Paper: Speed Learning on the Fly, PY. Masse and Y. Ollivier, 2015
The paper describes a method of adapting step size (learning rate) for online SGD training with relatively low computational cost. The learning rate may have significant impact on the training process. This is even more important considering the nature of online training and the challenges it impose. The method in the paper attempts to solve this problem by unrolling model updates through multiple steps of online learning. Using previous steps the method, the method can calculate sum of loses that will later be used to approximate their gradients. With the approximate gradient of loses it is possible to approximate the gradient of the learning rate.

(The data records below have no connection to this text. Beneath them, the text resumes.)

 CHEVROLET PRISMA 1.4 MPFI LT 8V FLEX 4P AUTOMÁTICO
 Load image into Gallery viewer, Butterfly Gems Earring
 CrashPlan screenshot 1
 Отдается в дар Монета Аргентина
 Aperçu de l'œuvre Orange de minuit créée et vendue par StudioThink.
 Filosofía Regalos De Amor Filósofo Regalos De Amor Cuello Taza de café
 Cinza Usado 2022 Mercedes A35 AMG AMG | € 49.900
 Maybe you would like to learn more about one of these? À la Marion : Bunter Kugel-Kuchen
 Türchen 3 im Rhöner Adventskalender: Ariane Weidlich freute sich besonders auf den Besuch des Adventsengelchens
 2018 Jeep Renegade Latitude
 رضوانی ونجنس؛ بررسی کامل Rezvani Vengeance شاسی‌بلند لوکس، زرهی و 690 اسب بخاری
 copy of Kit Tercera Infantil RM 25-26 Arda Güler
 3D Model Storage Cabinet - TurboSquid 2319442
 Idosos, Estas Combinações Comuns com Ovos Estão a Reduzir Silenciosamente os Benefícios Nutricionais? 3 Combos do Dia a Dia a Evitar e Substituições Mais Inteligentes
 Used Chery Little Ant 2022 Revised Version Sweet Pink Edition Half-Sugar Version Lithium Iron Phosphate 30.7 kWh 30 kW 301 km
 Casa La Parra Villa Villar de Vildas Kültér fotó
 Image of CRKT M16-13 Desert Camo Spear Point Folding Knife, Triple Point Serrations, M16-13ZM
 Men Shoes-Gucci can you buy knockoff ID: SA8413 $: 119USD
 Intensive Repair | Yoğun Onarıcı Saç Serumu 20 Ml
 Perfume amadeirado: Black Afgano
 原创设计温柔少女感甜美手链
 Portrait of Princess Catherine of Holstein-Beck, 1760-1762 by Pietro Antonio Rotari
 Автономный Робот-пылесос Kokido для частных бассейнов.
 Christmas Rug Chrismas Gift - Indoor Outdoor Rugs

If you read the paper “Training recurrent networks online without backtracking” published in July 2015 by Y. Ollivier, G. Charpiat, that I briefly reviewed a few months ago, you may notice many similarities to this idea. In that earlier paper the authors also described unrolling through time with gradient approximation for online learning. Also a paper “Gradient-based Hyperparameter Optimization through Reversible Learning” by D. Maclaurin et al., published in February 2015, describes similar idea of using gradient descent on a learning rate by unrolling the previous steps. If you are interested, you can check my short review of that paper.
Paper findings suggest that adaptive step size performs better than fixed size or naively varied size. Overall, the method looks promising and is a good additional to rather limited number of solutions for online SGD learning. In my opinion, online SGD learning is not getting the attention it deserves even though it fits in some real life cases better than mini-batch SGD.